If Russian forces were demonstrated to be behind the attack, Mr. Sunak told reporters on his flight to Washington, it would constitute “the largest attack on civilian infrastructure in Ukraine since the start of the war, and just would demonstrate the new lows that we would have seen from Russian aggression.”
Britain has stayed in lock step with the United States since the start of the war, with Mr. Sunak showing the same vigorous support for President Volodymyr Zelensky of Ukraine as his former boss and predecessor, Boris Johnson.
While at the White House, Mr. Sunak will also have a chance to lobby Mr. Biden to support Ben Wallace, Britain’s defense minister, to replace Jens Stoltenberg as secretary general of NATO. Mr. Wallace routinely wins the highest approval ratings of any cabinet minister, but France prefers an E.U. candidate.
For Mr. Sunak, who faces economic clouds at home, the optics of the visit are as important as any policy outcomes.

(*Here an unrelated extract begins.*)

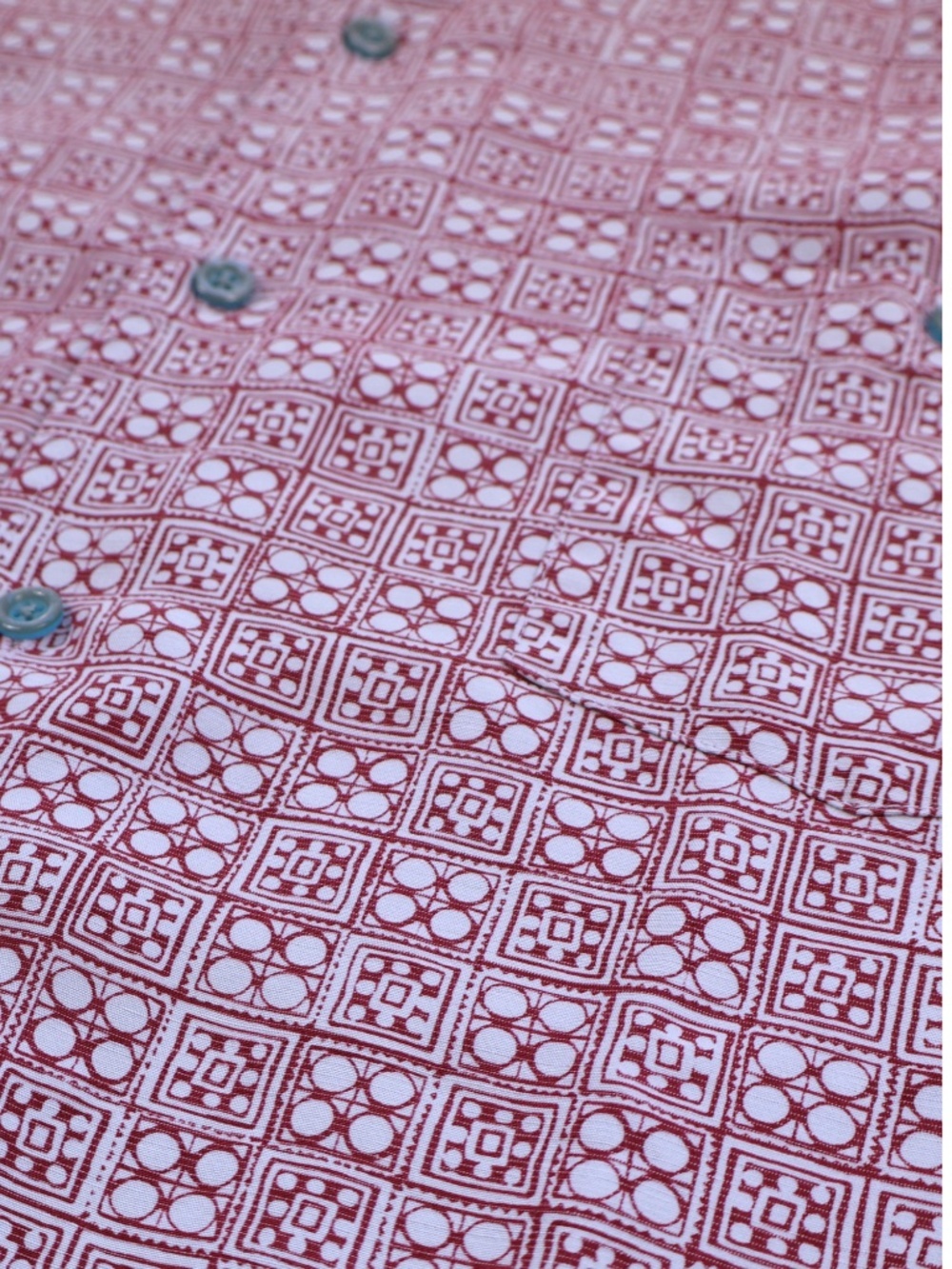 TORI RICHARD Button Up Shirt 2XL Maroon Blue Geometric Print - Picture 4 of 8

He has fared better on the global stage than at home in recent weeks, parlaying Britain’s support of Ukraine into a strong voice among the leaders of the Group of 7 countries.
Now he is making his first trip to Washington as prime minister, with a chance to deepen his rapport with Mr. Biden. The two last met one-on-one for coffee in April in Belfast, Northern Ireland, during a brief visit by the president to commemorate the 25th anniversary of the Good Friday Agreement.
Mr. Biden followed that with a leisurely tour of the Republic of Ireland, where he explored his ancestral roots. That drew tart commentary in London’s right-leaning newspapers, which viewed it as evidence of his bias for Ireland over England, noting that he also skipped the coronation of King Charles III a few weeks later.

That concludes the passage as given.